Actually, ini jadi salah satu poin penting yang dibicarakan oleh film. Babak kedua diisi oleh cerita Ruben yang tinggal di sebuah komunitas tuna-rungu. Bagi Ruben, ini adalah tempat untuk menyembuhkan dirinya. Padahal justru merupakan tempat untuk membiasakan dirinya dengan kehidupan tanpa-suara. Kita akan melihat adegan-adegan Ruben diajarin ini itu. Menjalin relasi dengan para anggota; ada yang seperti Ruben kehilangan kemampuan mendengar secara tiba-tiba, ada yang sedari lahir. Kita melihat Ruben melihat anak-anak tuna rungu belajar berkomunikasi, lalu lantas dia sendiri juga belajar bahasa-isyarat. Tempat rehab ini terlihat ramah dan menenangkan, tapi kita bisa melihat Ruben justru tidak melihatnya seperti itu. Di titik ini, Ruben masih belum berdamai dengan keadaannya. Dia percaya bisa sembuh dari yang ia anggap penyakit, sebagaimana dia bisa sembuh dari candunya. Menarik cara film mengomunikasikan argumen bahwa sebenarnya tuli itu sendiri tidak pernah dianggap sebagai penyakit yang harus disembuhkan bagi para pengidapnya. Melainkan tak lebih sebagai ‘cara lain dalam menempuh hidup’. Inilah yang ultimately harus dipelajari oleh Ruben.

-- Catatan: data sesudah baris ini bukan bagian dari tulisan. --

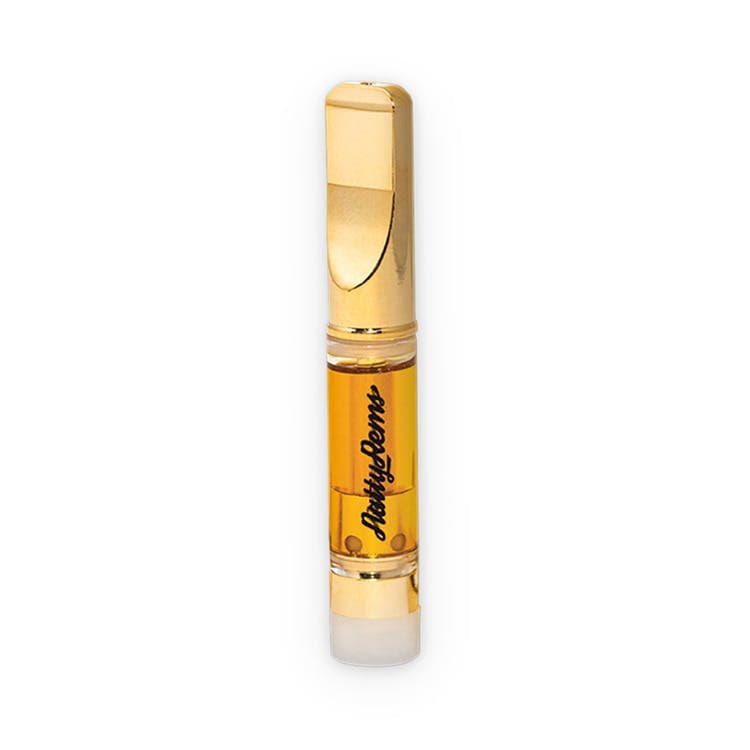 Natty Rems LR Cart | Gold Tip - Marshmellow OG (H)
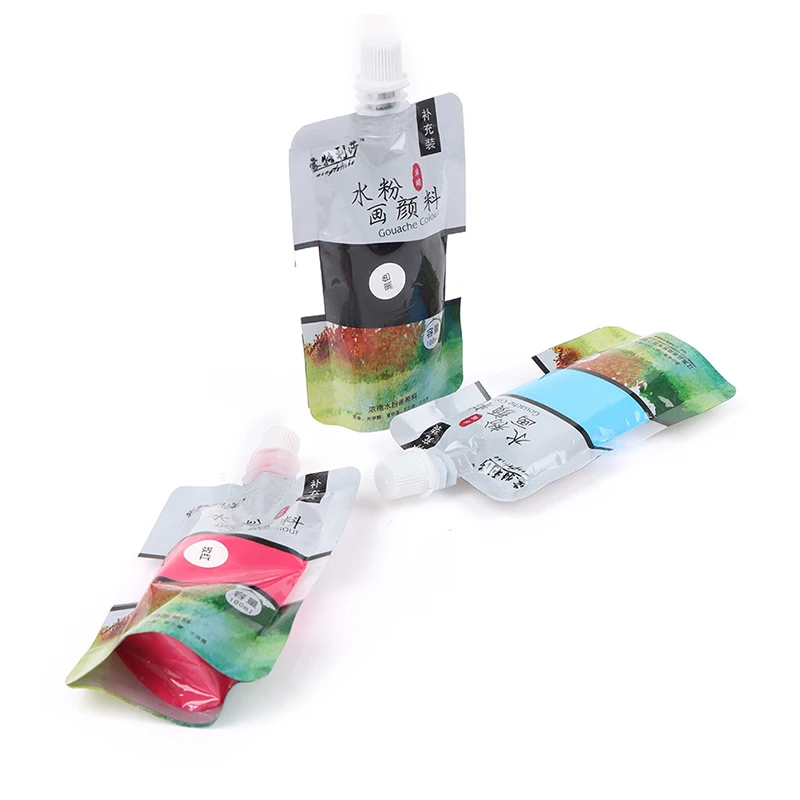 

Pearl Powder Pigment 100ml Mica Powder for Craft Paper Arts Car Paint Soap Eyeshadow Fishing Rod Nail Decoration Colorful Powder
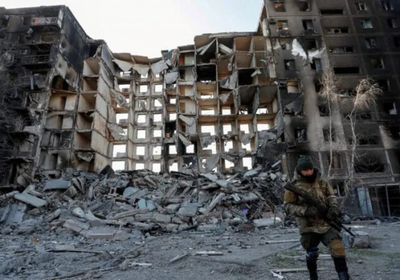 مقتل 3 أشخاص في قصف روسي شرق أوكرانيا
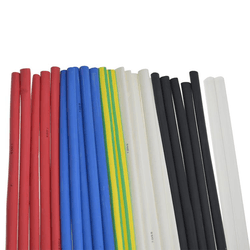 Mixed HS Pack - 7 to 3.2mm (1.2m)
5 x Black, 5 x Blue, 5 x Red, 5 x White, 2 x Clear, 2 x Green/Yellow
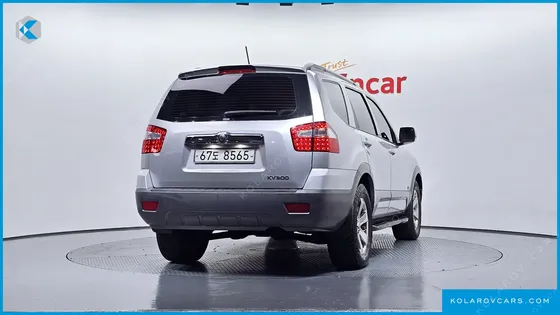 KIA MOHAVE 4WD KV 300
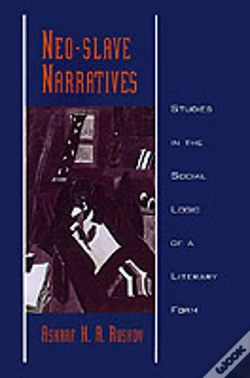 Capa do artigo Neo-Slave Narratives
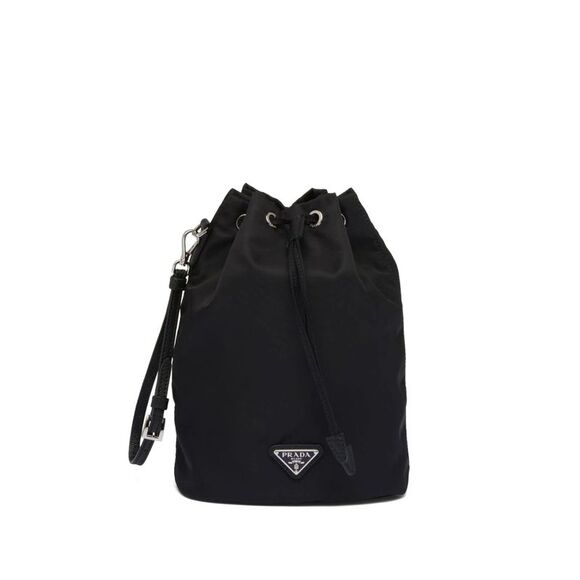PRADA Handbags - Prada Black Make Up Bags Women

Bahwa dengan kehilangan pendengaran, tidak berarti seseorang kehilangan hidup. Melainkan hanya hidup di dunia dan gaya yang baru. Kepositifan orang-orang di komunitas itulah yang dijadikan poin vokal oleh film ini. Gak semua masalah selesai dengan uang, karena dua hal. Uang tidak menjamin, ataupun memang tidak ada masalah. ‘Hanyalah’ soal pemahaman dan penerimaan kita terhadap kondisi.

 
Saat belajar skenario, biasanya kita dikasih tahu untuk merancang kehidupan tokoh utama. Mulai dari ia kecil, hingga ke momen yang akan jadi periode cerita pada film. Rancangan atau karangan kehidupan karakter inilah yang jadi backstory, yang semakin memperkuat karakterisasi tokoh utama yang kita tulis. Backstory tersebut tidak mesti terpampang pada film, tapi harus tersampaikan garis besarnya, supaya penonton bisa mengenali karakter dan bersimpati kepadanya. Backstory Ruben dalam cerita Sound of Metal berperan besar terhadap konflik yang harus ia lalui. Penceritaan yang dilakukan oleh Marder sungguh berhasil menuturkan backstory itu semua tanpa membuat film menjadi bertempo lambat ataupun membuat ceritanya jadi melanglang buana. Marder dengan efektif membuat kita mengerti. Semua hal yang perlu kita ketahui sebagai elemen emosional bagi Ruben dengan sukses tersampaikan. Misalnya, film masih ingat (dan sempat) untuk membahas kenapa pekerjaan sebagai drummer rock itu penting bagi Ruben. Begitupun soal makna dari hubungannya dengan Lou; apa peran Lou sang kekasih itu di hidup Ruben. Semua itu terbahas, menyatu dalam plot-plot poin cerita sehingga keseluruhan narasi film ini terasa sangat padat. Dan somewhat feels real.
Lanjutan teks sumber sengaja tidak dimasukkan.